I want to shove him and laugh and tell him to mind his business. Instead I take a breath and say, small, “Maybe once, a long time ago, in a moment I regretted it until the next morning.”
He nods, like he believes me or likes the version of me that has mistakes in it. The music slows. The lights throb a little. People drift past, but we are in our own room now, two bodies and a dangerous conversation.
“Get in my car,” he says, and it is not a question, more like an Offer, like a plate pushed across a table.
“You do not do this,” I say, because I can hear myself making promises I will keep.
“I do not do many things,” he says, flat and honest. “But I do like mistakes.”

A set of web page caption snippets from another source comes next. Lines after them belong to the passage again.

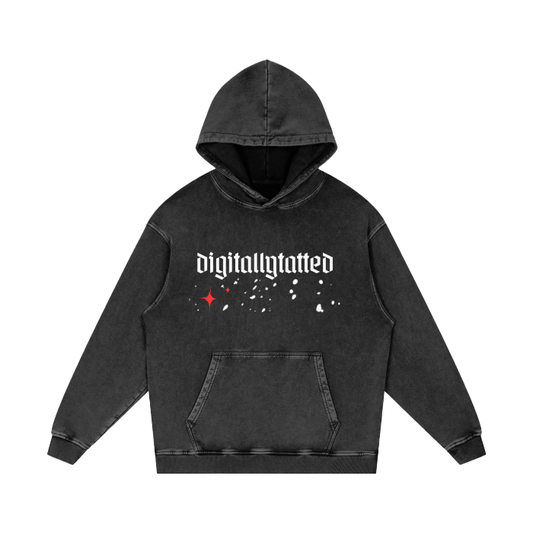 Digitally Tatted Malfunction Acid Wash Oversized Hoodie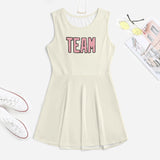 Custom Cream Light Pink Cheerleader Dress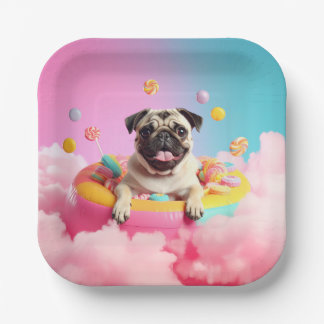 cardboard plate with sweet and funny dog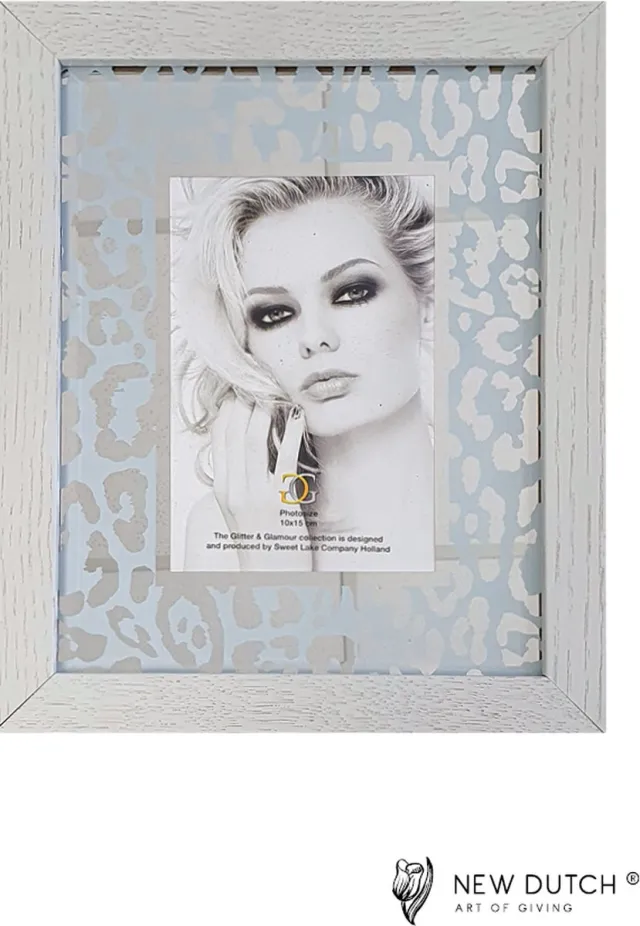New Dutch® 60030 - Fotolijst Panter Spiegel ( Fotomaat 10x15cm ) New Dutch wit / zilver spiegel panterglas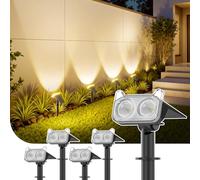 GEARLITE Luces Solares LED Exterior Jardin, 4 Piezas Focos LED Exterior Solares 800 LM, IP65 Impermeable, 2 Modos Solar Lights Outdoor para Exteriores, Patio, Césped, Garaje, 3500K Blanco Calido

He reaches for the glass, tilts it, and lifts it like a toast. “To mistakes,” he says, and his voice is a dangerous thing, low and addictive.
I lift my glass too, because what else does a person do in a bar when a man with a skyline behind him offers a toast, and I think maybe it will be a stupid story I will tell at parties, a wild night that taught me a lesson.

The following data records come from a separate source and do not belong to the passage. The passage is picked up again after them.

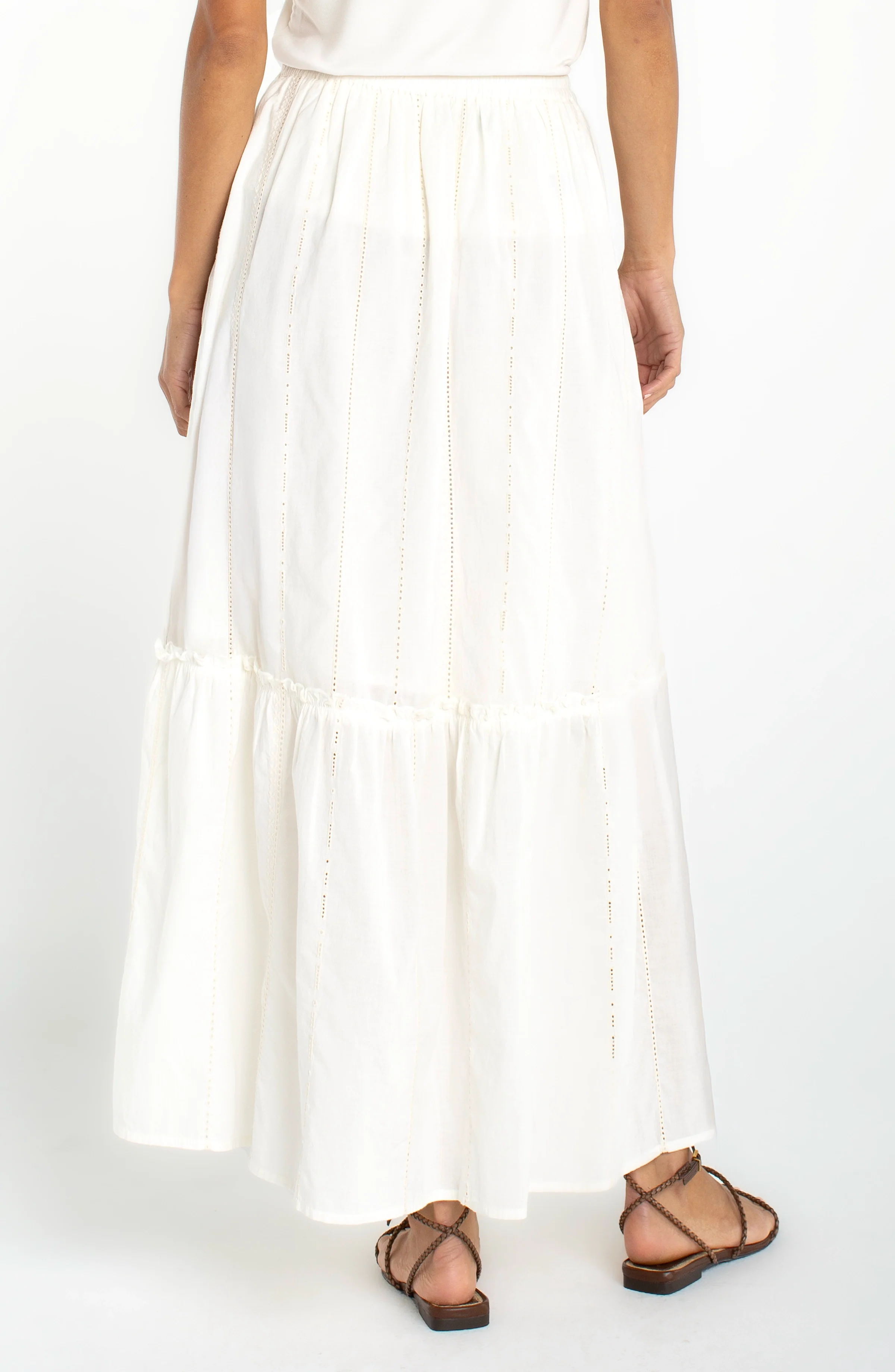 tiered woven pull on maxi skirt - Image 3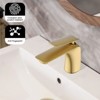 PAGED Bathroom Faucets Single Hole Bathroom Sink Faucet Deck-Mounted Vanity Basin Faucet with Pop Up Drain and Water Supply Hose - 3 of 4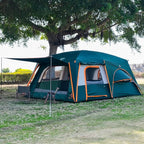 KTT Extra Large Tent 10-12-14 Person(B),Family Cabin Tents,2 Rooms,3 Doors and 3 Windows with Mesh,Straight Wall,Waterproof,Double Layer,Big Tent for Outdoor,Picnic,Camping,Family Gathering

He leaned in and said. “One night can change everything.”
I should run, I tell myself, which is true and sane, but I do not move. I do not move because something warm and dangerous and hungry has already turned my head. I followed him.
The car glides out into the city, and in the rearview the gala looks like a stage burned away. He looks at me once, his face unreadable, and says, “You should know, Joanna, I do not forgive mistakes that are pointless.”
I laugh because it is either laugh or cry, and then he reaches into his coat, hands me a small white card. On it is an address and a time, a single line in his handwriting, “Come alone.”
My chest rises and falls as my heart beats fast.
“We are going to my place.” He said.